PROBLEM DETAILS: Transcribe every entry below word for word, but skip the pictures.

-- Opening Marker --

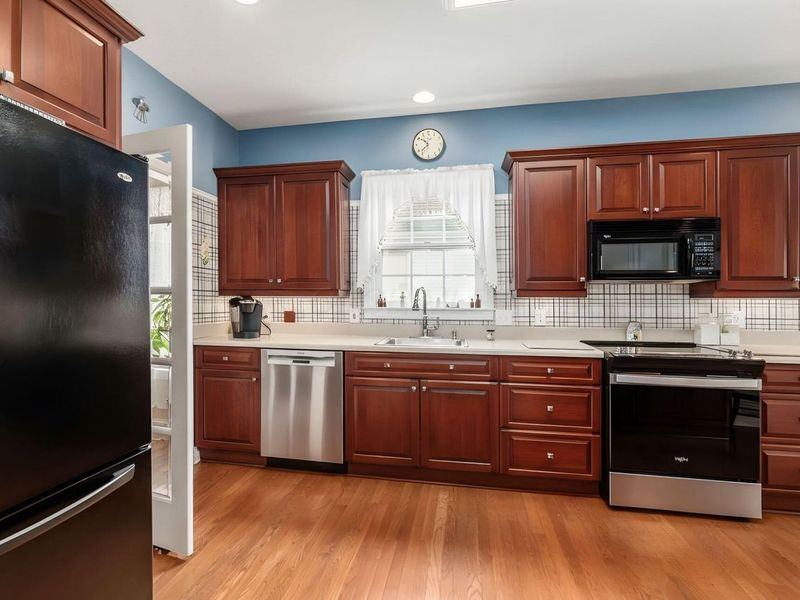 5754 Lake Forest Way, Westerville, OH 43082 Photo 7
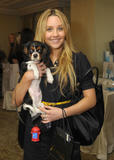 http://img147.imagevenue.com/loc712/th_54537_Celebutopia-Amanda_Bynes-2008_World_Experience_DPA_gift_lounge_in_Beverly_Hills-04_122_712lo.jpg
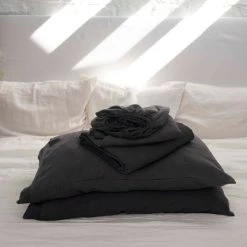 Cheap 😉 AmourLinen Linen sheets set in Charcoal ❤️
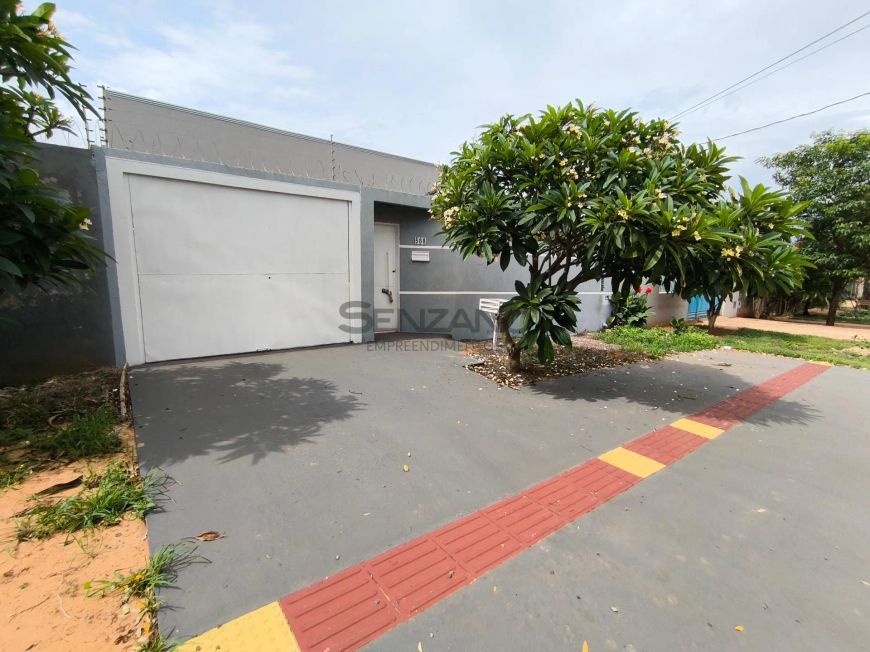 Casa Térrea no Cel Antonino c/ 2Q sendo 1S recém reformada.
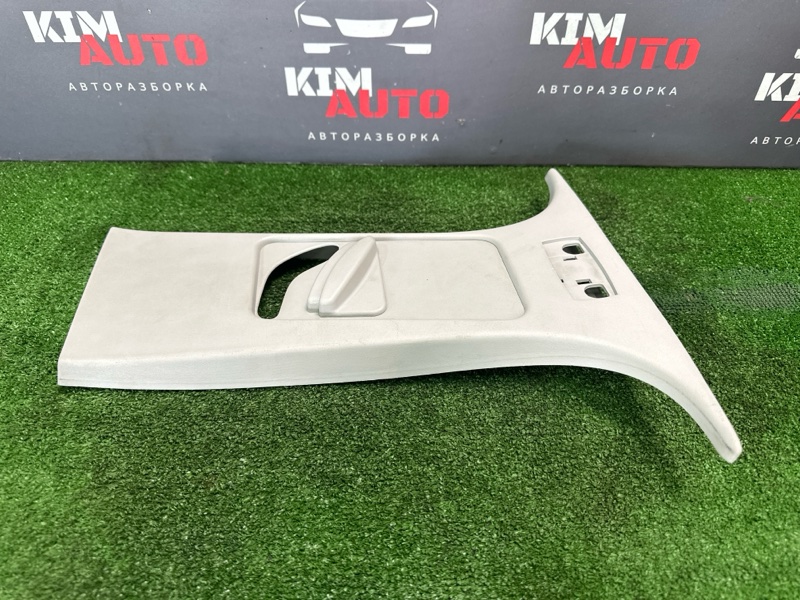 Накладка центральной стойки верхняя Ford Focus 2 2007 HB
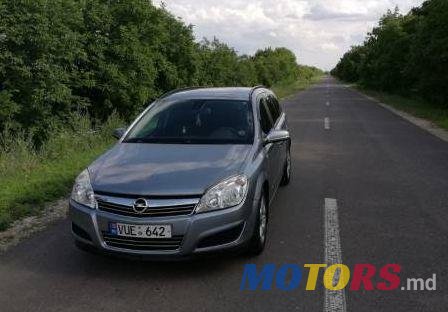 2008' Opel Astra photo #1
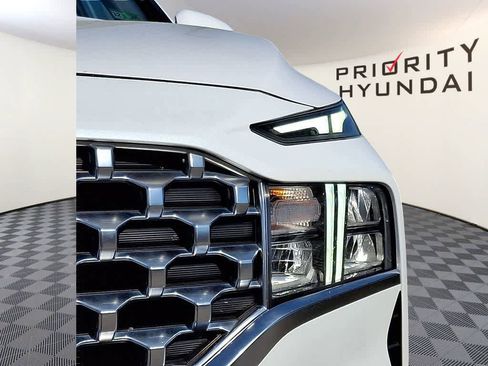 Used 2022 Hyundai Santa Fe SEL w/ Convenience Package FWD image 8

-- Closing Marker --

OUTPUT FOR THIS EXERCISE:
 5754 Lake Forest Way, Westerville, OH 43082 Photo 7
 http://img147.imagevenue.com/loc712/th_54537_Celebutopia-Amanda_Bynes-2008_World_Experience_DPA_gift_lounge_in_Beverly_Hills-04_122_712lo.jpg
 Cheap 😉 AmourLinen Linen sheets set in Charcoal ❤️
 Casa Térrea no Cel Antonino c/ 2Q sendo 1S recém reformada.
 Накладка центральной стойки верхняя Ford Focus 2 2007 HB
 2008' Opel Astra photo #1
 Used 2022 Hyundai Santa Fe SEL w/ Convenience Package FWD image 8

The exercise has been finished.